**Directions for this task:** Please return the lines of the data that contain "Stainless".

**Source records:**

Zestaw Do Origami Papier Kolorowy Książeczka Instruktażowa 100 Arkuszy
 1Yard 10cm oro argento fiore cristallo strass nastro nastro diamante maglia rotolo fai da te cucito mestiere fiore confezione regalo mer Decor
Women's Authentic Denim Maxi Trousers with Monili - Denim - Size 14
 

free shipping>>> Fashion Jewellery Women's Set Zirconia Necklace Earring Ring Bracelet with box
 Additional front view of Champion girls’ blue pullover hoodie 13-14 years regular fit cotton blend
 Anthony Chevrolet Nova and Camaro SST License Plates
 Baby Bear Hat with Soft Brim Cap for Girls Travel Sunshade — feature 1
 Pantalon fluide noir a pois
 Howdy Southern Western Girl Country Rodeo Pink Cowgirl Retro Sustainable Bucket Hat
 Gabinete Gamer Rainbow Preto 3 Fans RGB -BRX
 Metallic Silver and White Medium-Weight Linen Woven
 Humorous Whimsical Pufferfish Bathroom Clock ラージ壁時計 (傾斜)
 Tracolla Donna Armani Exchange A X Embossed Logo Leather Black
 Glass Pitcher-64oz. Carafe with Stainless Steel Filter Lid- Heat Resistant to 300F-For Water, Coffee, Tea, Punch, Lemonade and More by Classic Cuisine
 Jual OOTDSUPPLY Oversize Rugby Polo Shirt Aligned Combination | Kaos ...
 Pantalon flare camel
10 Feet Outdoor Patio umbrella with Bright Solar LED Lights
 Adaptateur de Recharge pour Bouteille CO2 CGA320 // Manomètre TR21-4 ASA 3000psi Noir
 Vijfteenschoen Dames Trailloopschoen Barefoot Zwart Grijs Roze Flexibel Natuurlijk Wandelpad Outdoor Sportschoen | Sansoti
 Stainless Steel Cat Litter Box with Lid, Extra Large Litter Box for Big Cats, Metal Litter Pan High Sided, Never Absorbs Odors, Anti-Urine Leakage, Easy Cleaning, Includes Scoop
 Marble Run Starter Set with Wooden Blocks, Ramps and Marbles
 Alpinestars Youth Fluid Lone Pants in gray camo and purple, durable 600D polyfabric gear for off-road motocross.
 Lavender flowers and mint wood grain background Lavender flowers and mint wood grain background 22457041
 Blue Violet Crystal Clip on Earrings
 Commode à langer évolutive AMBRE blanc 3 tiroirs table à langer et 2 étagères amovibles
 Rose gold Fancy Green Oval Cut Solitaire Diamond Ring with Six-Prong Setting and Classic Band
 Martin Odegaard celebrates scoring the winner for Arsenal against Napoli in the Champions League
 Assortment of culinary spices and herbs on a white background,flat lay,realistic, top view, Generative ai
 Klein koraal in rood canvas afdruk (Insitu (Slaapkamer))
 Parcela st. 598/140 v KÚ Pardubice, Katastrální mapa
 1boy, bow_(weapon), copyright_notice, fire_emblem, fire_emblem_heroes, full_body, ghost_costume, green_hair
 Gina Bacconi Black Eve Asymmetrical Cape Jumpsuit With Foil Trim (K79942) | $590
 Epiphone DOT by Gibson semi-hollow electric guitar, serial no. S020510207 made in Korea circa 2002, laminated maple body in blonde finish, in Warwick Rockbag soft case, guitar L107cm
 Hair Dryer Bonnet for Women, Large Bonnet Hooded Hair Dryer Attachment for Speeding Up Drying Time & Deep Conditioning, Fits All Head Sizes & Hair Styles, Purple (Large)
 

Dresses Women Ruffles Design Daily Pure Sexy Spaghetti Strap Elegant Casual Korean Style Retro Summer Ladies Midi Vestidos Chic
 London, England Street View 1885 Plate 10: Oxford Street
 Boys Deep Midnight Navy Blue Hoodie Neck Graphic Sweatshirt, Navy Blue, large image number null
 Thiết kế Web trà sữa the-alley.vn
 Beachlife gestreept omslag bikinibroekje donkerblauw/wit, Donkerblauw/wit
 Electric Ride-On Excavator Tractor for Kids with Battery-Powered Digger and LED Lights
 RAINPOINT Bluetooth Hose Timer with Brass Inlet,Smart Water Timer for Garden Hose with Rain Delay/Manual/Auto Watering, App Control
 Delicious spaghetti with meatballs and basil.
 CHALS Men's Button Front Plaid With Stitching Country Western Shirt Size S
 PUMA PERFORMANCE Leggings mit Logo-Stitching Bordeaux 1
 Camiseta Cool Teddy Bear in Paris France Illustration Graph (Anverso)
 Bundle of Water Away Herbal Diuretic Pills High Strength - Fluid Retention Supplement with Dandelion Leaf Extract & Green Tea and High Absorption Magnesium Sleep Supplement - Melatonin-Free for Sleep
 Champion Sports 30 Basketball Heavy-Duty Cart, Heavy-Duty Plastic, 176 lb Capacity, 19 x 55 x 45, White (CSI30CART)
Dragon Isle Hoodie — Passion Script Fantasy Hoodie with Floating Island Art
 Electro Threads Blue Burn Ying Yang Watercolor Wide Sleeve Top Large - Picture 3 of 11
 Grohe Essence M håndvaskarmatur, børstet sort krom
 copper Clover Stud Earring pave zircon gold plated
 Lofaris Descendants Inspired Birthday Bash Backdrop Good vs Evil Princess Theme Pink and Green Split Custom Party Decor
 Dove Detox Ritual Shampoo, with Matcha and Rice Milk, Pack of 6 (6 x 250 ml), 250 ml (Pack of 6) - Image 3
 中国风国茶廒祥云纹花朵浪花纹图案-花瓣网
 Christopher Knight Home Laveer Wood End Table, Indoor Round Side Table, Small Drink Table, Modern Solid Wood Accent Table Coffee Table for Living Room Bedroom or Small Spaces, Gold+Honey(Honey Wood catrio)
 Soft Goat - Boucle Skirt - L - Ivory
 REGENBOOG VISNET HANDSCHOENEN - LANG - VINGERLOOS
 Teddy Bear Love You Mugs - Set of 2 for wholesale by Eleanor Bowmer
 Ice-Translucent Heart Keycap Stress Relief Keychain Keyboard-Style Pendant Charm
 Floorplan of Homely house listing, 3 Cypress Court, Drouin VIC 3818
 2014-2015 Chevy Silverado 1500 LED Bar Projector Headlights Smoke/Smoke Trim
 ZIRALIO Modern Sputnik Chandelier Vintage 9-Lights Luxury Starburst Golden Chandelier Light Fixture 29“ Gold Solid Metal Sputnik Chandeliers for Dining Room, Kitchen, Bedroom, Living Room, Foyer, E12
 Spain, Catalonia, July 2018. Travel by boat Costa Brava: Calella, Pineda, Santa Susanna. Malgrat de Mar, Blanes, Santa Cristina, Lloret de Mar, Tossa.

**Response:**
 Glass Pitcher-64oz. Carafe with Stainless Steel Filter Lid- Heat Resistant to 300F-For Water, Coffee, Tea, Punch, Lemonade and More by Classic Cuisine
 Stainless Steel Cat Litter Box with Lid, Extra Large Litter Box for Big Cats, Metal Litter Pan High Sided, Never Absorbs Odors, Anti-Urine Leakage, Easy Cleaning, Includes Scoop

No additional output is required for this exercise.